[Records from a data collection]
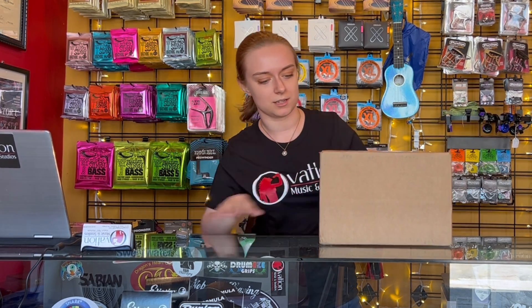Hey there! Welcome to Ovation Museum Studios. My name is KK and we're gonna do an unboxing today.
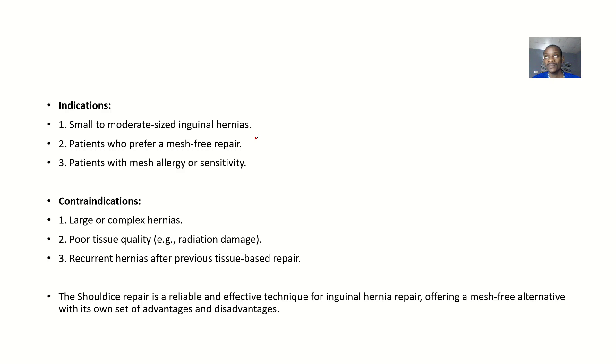Indications for Shouldice repair: if the hernia is small or moderate in size, you might opt for this method. If the patient prefers a mesh-free surgery — they don't want foreign material in their body — you opt for Shouldice. If the patient actually has a mesh allergy or sensitivity, you opt for Shouldice.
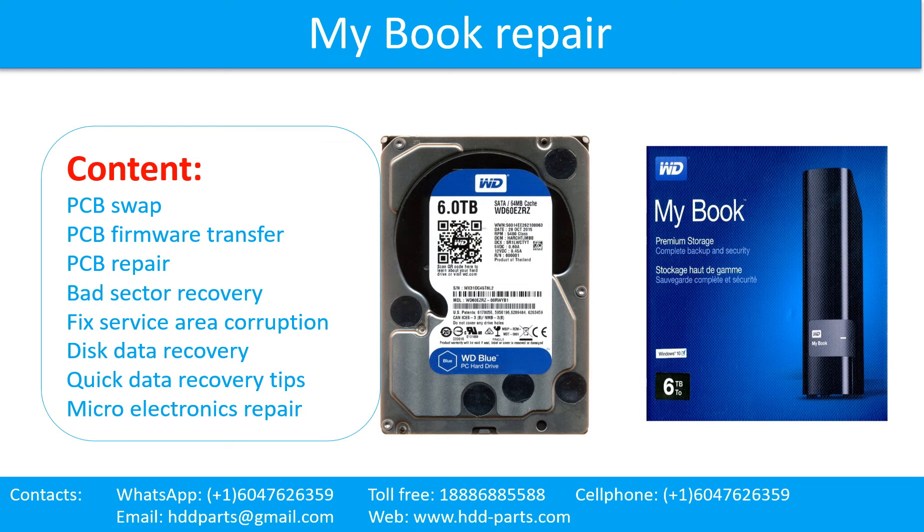Hello there. In this video, we are going to talk about WD MyBook external hard drive, the printed circuit board repair, and the disk data recovery. This video is going to cover PCB swap, PCB firmware transfer, PCB repair, bad sector recovery, fixed service area corruption, disk data recovery, quick data recovery tips, and microelectronics repair.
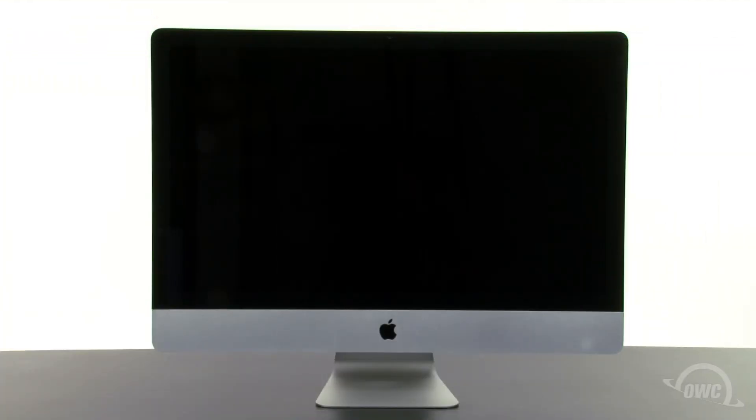Hello and welcome to the OWC instructional series of videos. In this installment, we're going to show you how to upgrade the hard drive in a 2011 27-inch iMac using the OWC in-line digital thermal sensor for iMac. We've already gathered our materials, have shut down and unplugged the iMac, and are working on a soft, static-free work surface. We are now ready to begin.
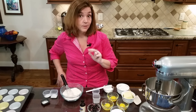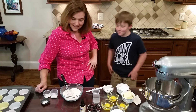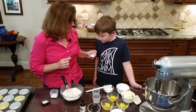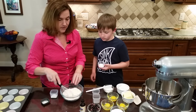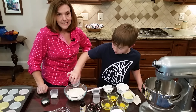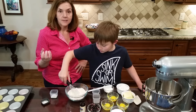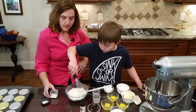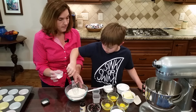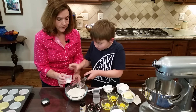Next we're going to add one teaspoon of glucomannan - you can also use xanthan gum. Glucomannan just makes it thick and gives a nice texture. This is one and a half teaspoons of baking powder - throw that in.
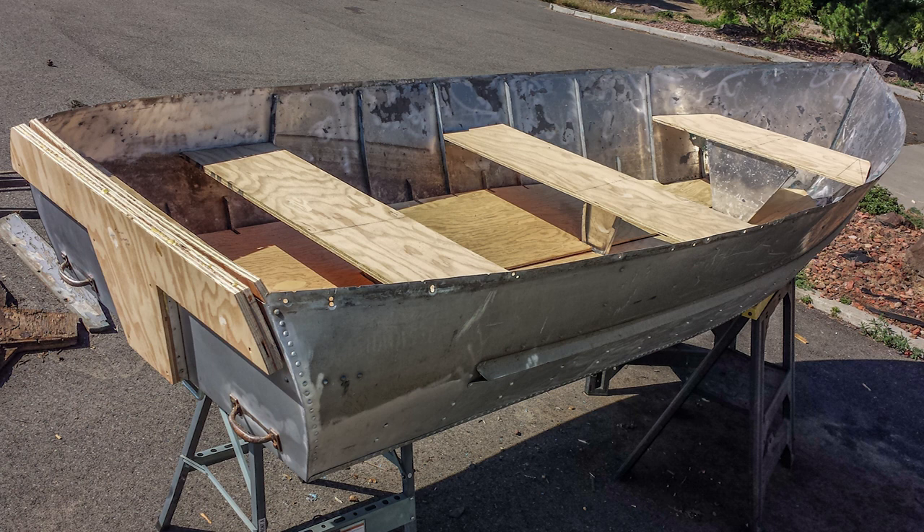Once I got all that aligned, all I had to do was drill the holes and get everything ready for painting and sanding, just like the floorboards.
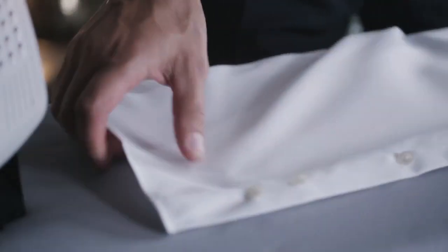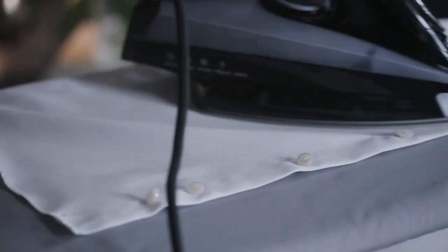I'll rotate the shirt to its front, and when I get to the buttons, I use the point of the iron to get around them.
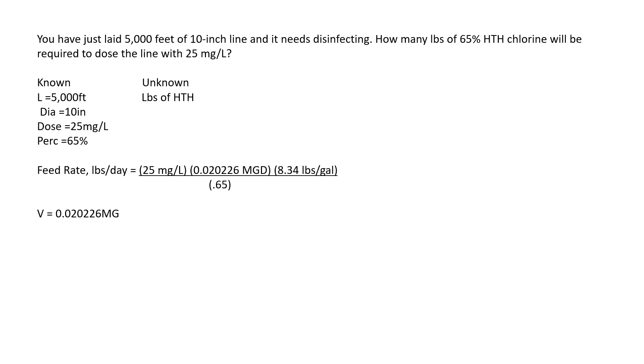We plug everything into the formula: 25 milligrams per liter times 0.020226 MGD times 8.34 pounds per gallon, divided by 0.65. Multiplying the top gives 4.21, and 4.21 divided by 0.65 equals 6.49 pounds. It takes quite a few steps to get to the answer on these relatively straightforward questions and, as they say, water math is hard. Hopefully this video helps you learn — thanks.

• _Required work_
All the data above is to be transcribed exactly, with no pictures included.

• _Task result_
Hey there! Welcome to Ovation Museum Studios. My name is KK and we're gonna do an unboxing today.
Indications for Shouldice repair: if the hernia is small or moderate in size, you might opt for this method. If the patient prefers a mesh-free surgery — they don't want foreign material in their body — you opt for Shouldice. If the patient actually has a mesh allergy or sensitivity, you opt for Shouldice.
Hello there. In this video, we are going to talk about WD MyBook external hard drive, the printed circuit board repair, and the disk data recovery. This video is going to cover PCB swap, PCB firmware transfer, PCB repair, bad sector recovery, fixed service area corruption, disk data recovery, quick data recovery tips, and microelectronics repair.
Hello and welcome to the OWC instructional series of videos. In this installment, we're going to show you how to upgrade the hard drive in a 2011 27-inch iMac using the OWC in-line digital thermal sensor for iMac. We've already gathered our materials, have shut down and unplugged the iMac, and are working on a soft, static-free work surface. We are now ready to begin.
Next we're going to add one teaspoon of glucomannan - you can also use xanthan gum. Glucomannan just makes it thick and gives a nice texture. This is one and a half teaspoons of baking powder - throw that in.
Once I got all that aligned, all I had to do was drill the holes and get everything ready for painting and sanding, just like the floorboards.
I'll rotate the shirt to its front, and when I get to the buttons, I use the point of the iron to get around them.
We plug everything into the formula: 25 milligrams per liter times 0.020226 MGD times 8.34 pounds per gallon, divided by 0.65. Multiplying the top gives 4.21, and 4.21 divided by 0.65 equals 6.49 pounds. It takes quite a few steps to get to the answer on these relatively straightforward questions and, as they say, water math is hard. Hopefully this video helps you learn — thanks.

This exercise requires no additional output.